The Mishna on our daf discusses the case of a sheliaḥ leikabalah – a messenger appointed by a woman to accept a geṭ on her behalf. The Mishna teaches that in the event that the messenger reports that he received the geṭ, but he cannot produce it, the woman needs to produce witnesses both on the original establishment of the messenger and on the fact that the messenger received it and that it was destroyed. The Mishna concludes by noting that these do not need to be two separate sets of witnesses; the same people can attest to both parts of the divorce.

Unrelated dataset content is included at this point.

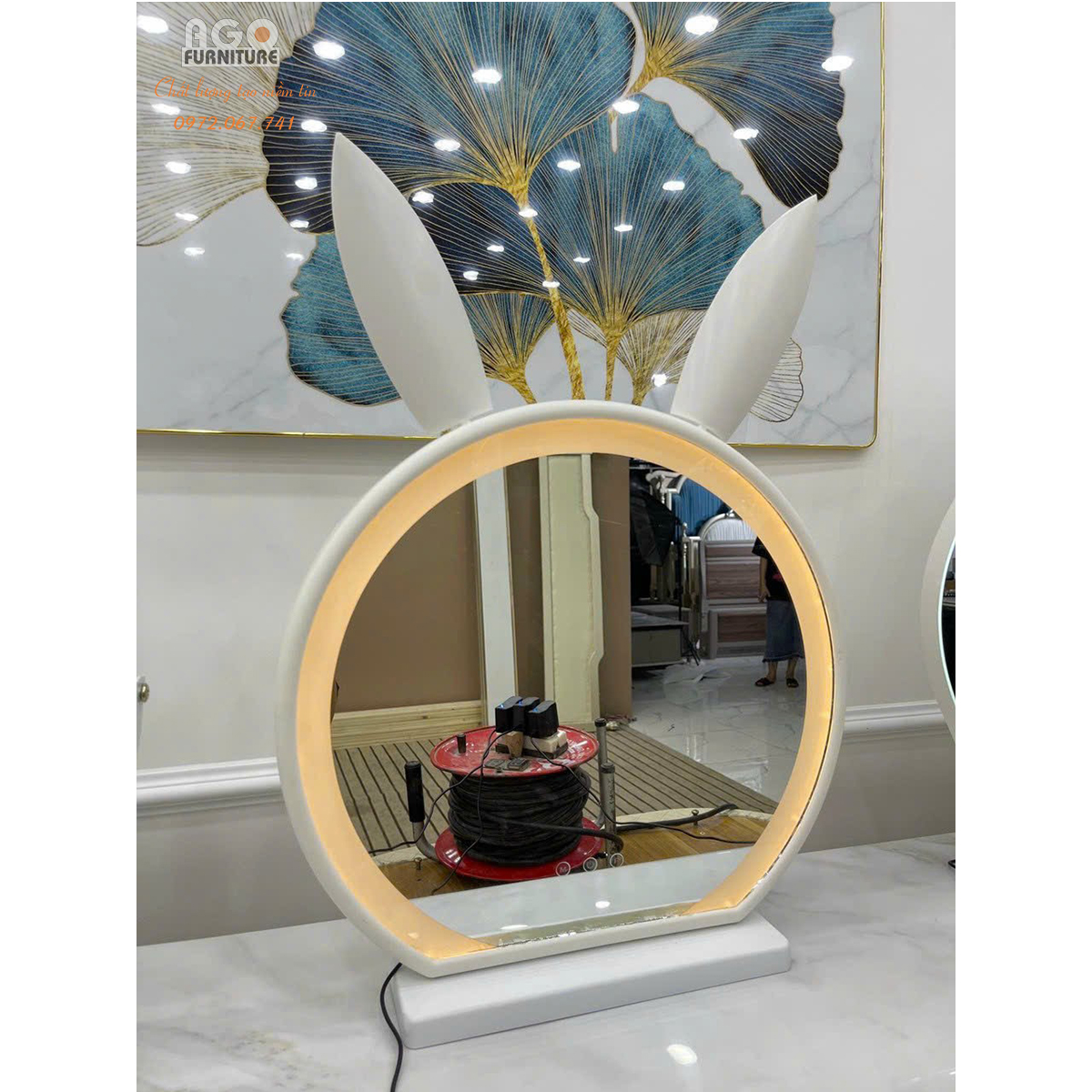Gương trang điểm tai thỏ đèn led tròn | ADR01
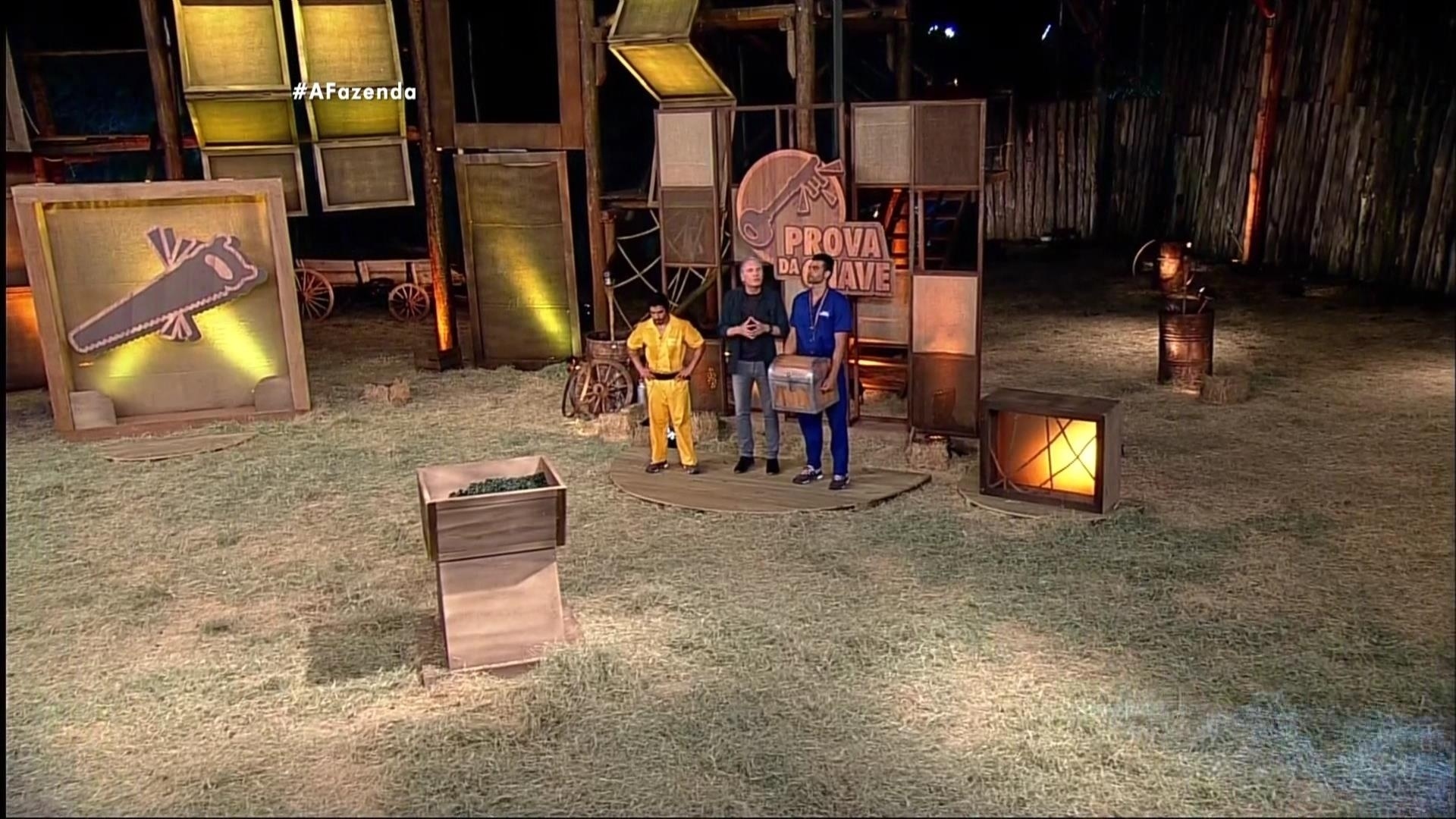 16.out.2015 - O peão JP foi mais rápido que Douglas e completou a prova em incríveis 8 minutos e 4 segundos. Douglas fez a prova em 13 minutos e 7 segundos - Reprodução/Record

The Gemara explains that our Mishna is describing a situation that took place when the Jews were living under foreign rule which forbade them from practicing certain aspects of their religion – among them religious marriage and divorce. In such a situation, as soon as the divorce took effect, the geṭ itself was destroyed in order to keep any evidence from being found.
The Rambam understands the rule of the Mishna to be teaching that the witnesses must attest to the fact that the geṭ was destroyed. According to other rishonim the point is not that the geṭ was destroyed; all that is really of interest to us is that the sheliaḥ leikabalah received the geṭ, which takes effect immediately, since the sheliah leikabalah represents the woman. That is all the witnesses need to testify about. By mentioning that the geṭ was destroyed, the Mishnah is merely offering an explanation of what happened to the document, but it is not an essential part of their testimony.
With regard to the need for witnesses who will testify to two separate issues:
- that the woman appointed this person to be her sheliah leikabalah, and
- that the sheliah leikabalah actually received the geṭ on her behalf.
Tosafot suggests that we may have thought it unlikely that the same two people witnessed both of these events, since they took place at different times and places, and if the same two witnesses testified about both, perhaps we may have suspected them of lying. That is why there is some measure of ḥiddush – a novel point – in a ruling that accepts their testimony for both events.